#### [TASK]
Print, word for word, only the lines from the one with "パンツ WrongSolution pants y2k" down to the last line of the listing below; no pictures.

#### [DATA FOR PROCESSING]

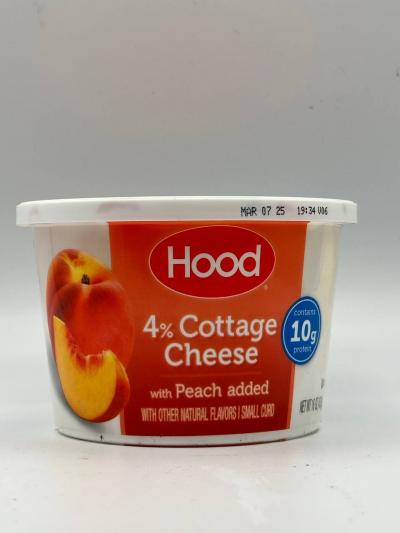 HOOD 4% Cottage Cheese with Peach  453g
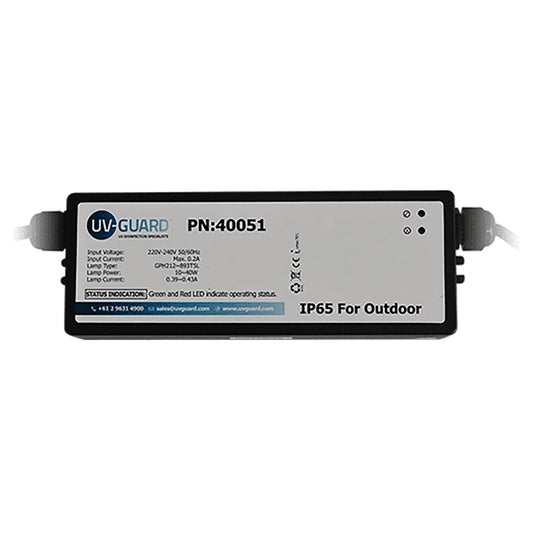 UV Guard UV Basic Weatherproof Outdoor Controller 40051 for SLT30, SLT40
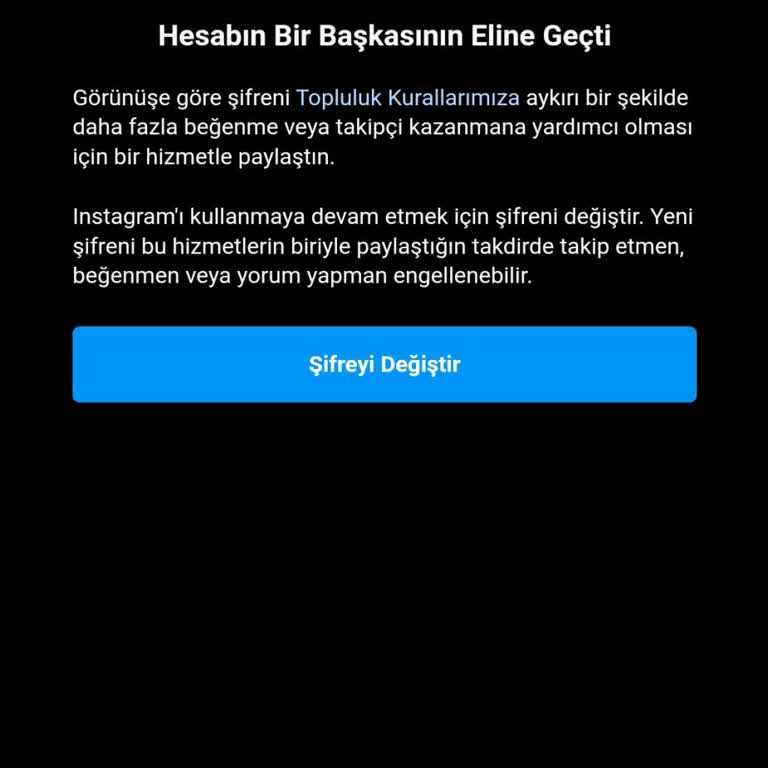 Instagram Hesabım Çalındı, Yardımınıza İhtiyacım Var!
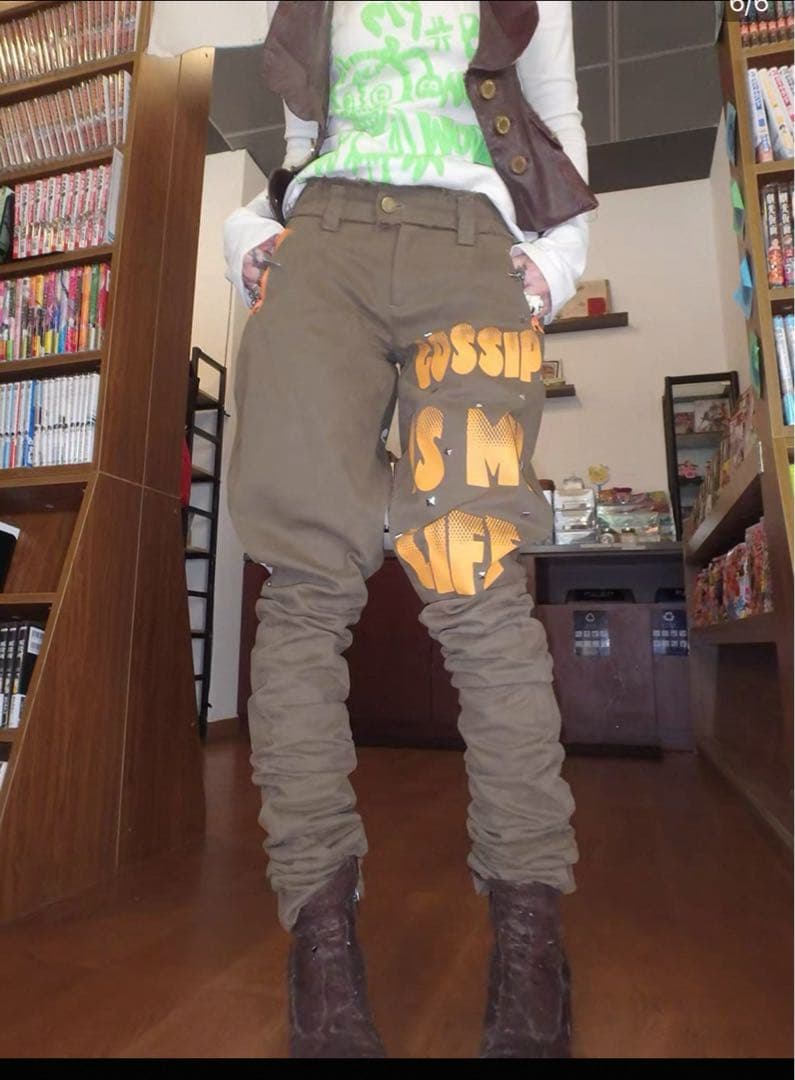 パンツ WrongSolution pants y2k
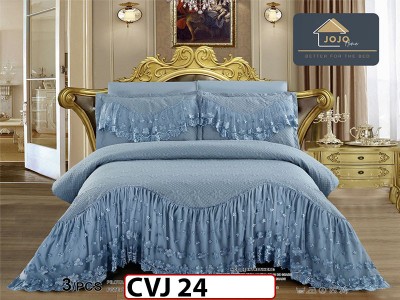 Cuvertura cu 3 piese din BUMBAC 100% CVJ24 Cuvertura cu 3 piese din BUMBAC 100% CVJ24
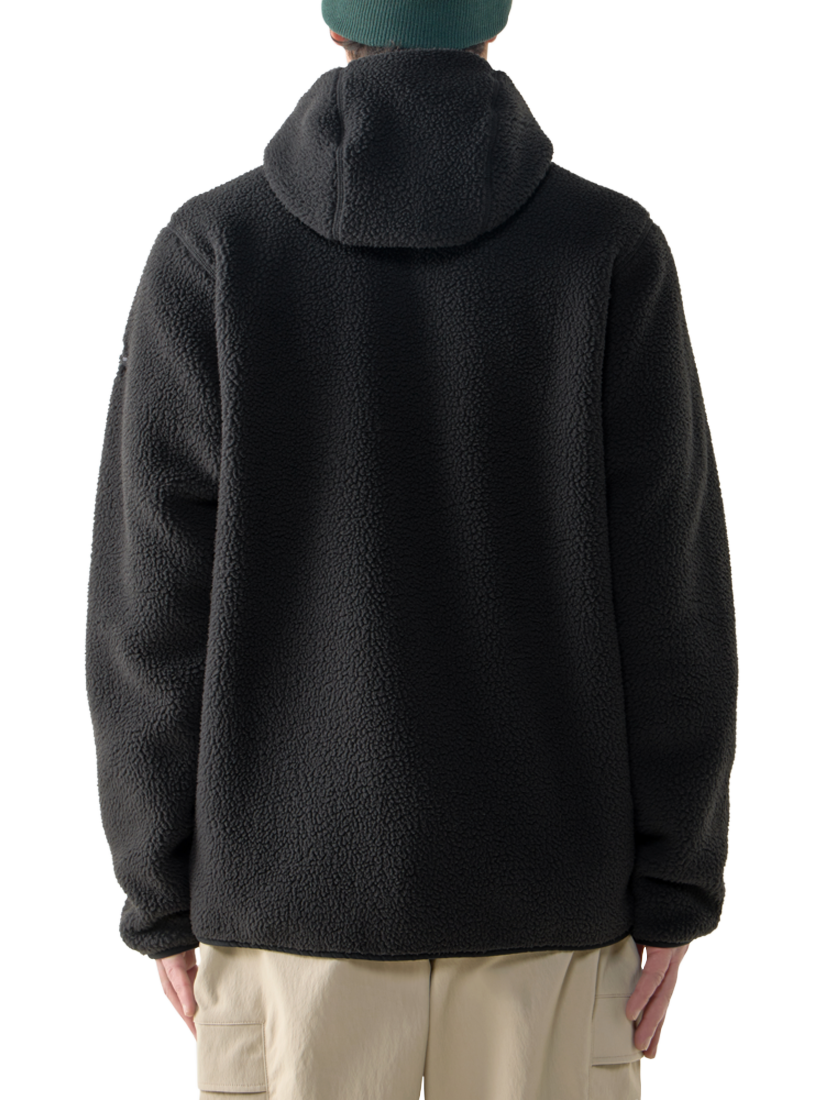 Product image 3 of 6, which shows Haglöfs Funas Pile Hooded Jacket, True Black, XL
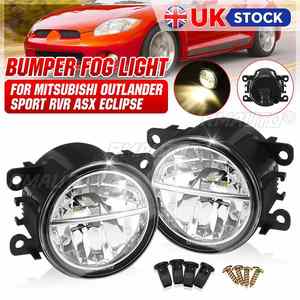 2 Piezas de Faros Antiniebla LED H11 para Mitsubishi ASX L200 Pajero 4 Outlander Grandis 2003-2015 - Product Image 1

#### [RESPONSE BELOW]
 パンツ WrongSolution pants y2k
 Cuvertura cu 3 piese din BUMBAC 100% CVJ24 Cuvertura cu 3 piese din BUMBAC 100% CVJ24
 Product image 3 of 6, which shows Haglöfs Funas Pile Hooded Jacket, True Black, XL
 2 Piezas de Faros Antiniebla LED H11 para Mitsubishi ASX L200 Pajero 4 Outlander Grandis 2003-2015 - Product Image 1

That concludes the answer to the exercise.